* **WHAT TO DO**
What are the lines, word for word, from the line with "マニュコクーン(ManuCocoon)/爪育成　深爪　巻き爪　大阪市" up to and including the line with "上部消化管内視鏡の治療方法" in the records below? Omit the pictures.

* **INPUT MATERIAL**
== Segment start ==

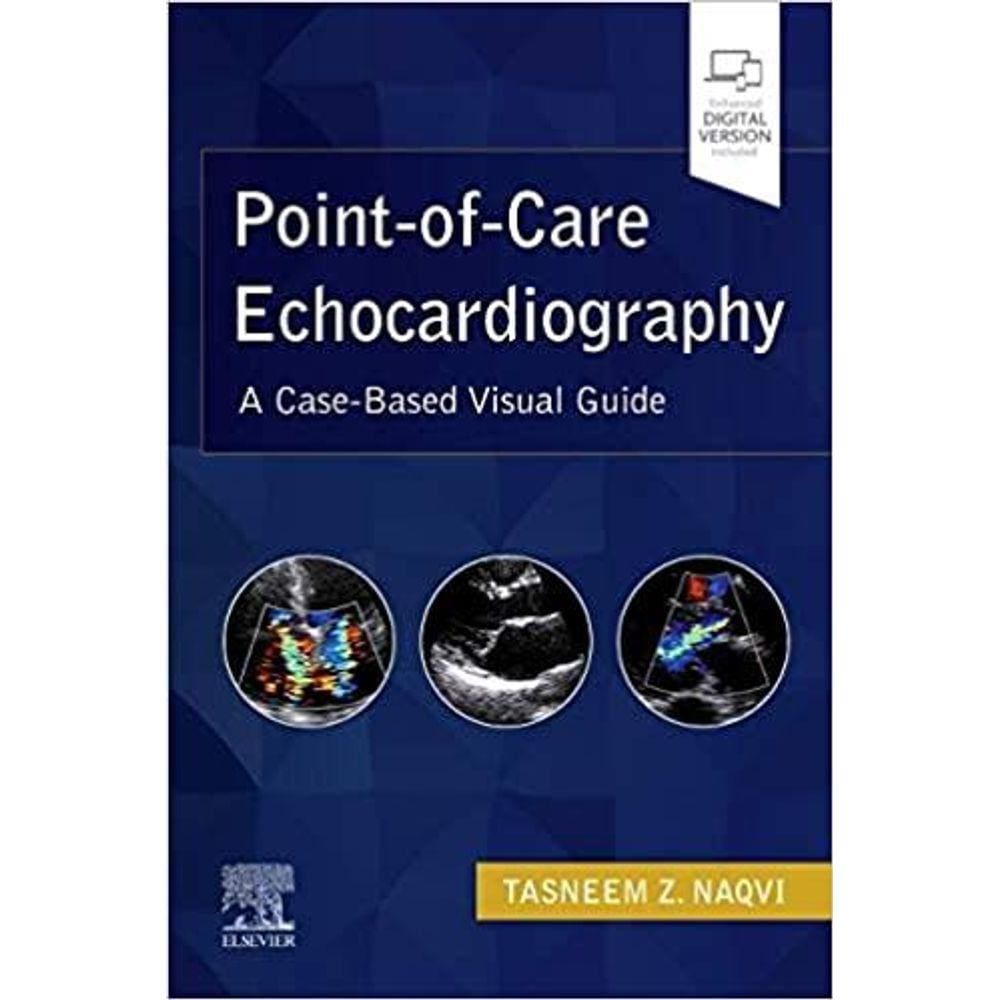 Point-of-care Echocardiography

== Segment end ==
== Segment start ==

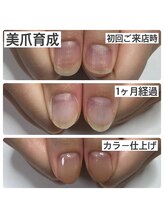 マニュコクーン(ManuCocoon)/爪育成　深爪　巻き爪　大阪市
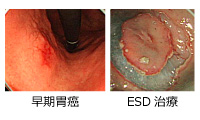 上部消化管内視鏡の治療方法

== Segment end ==
== Segment start ==

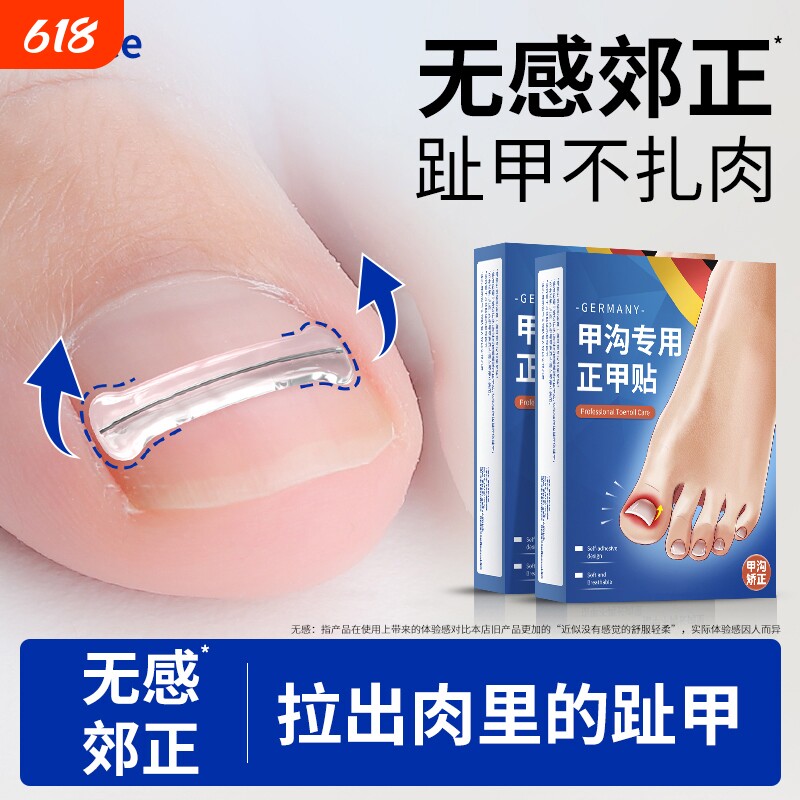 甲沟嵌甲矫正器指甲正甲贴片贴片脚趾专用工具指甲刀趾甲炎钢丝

== Segment end ==

* **THE COMPLETED TASK**
 マニュコクーン(ManuCocoon)/爪育成　深爪　巻き爪　大阪市
 上部消化管内視鏡の治療方法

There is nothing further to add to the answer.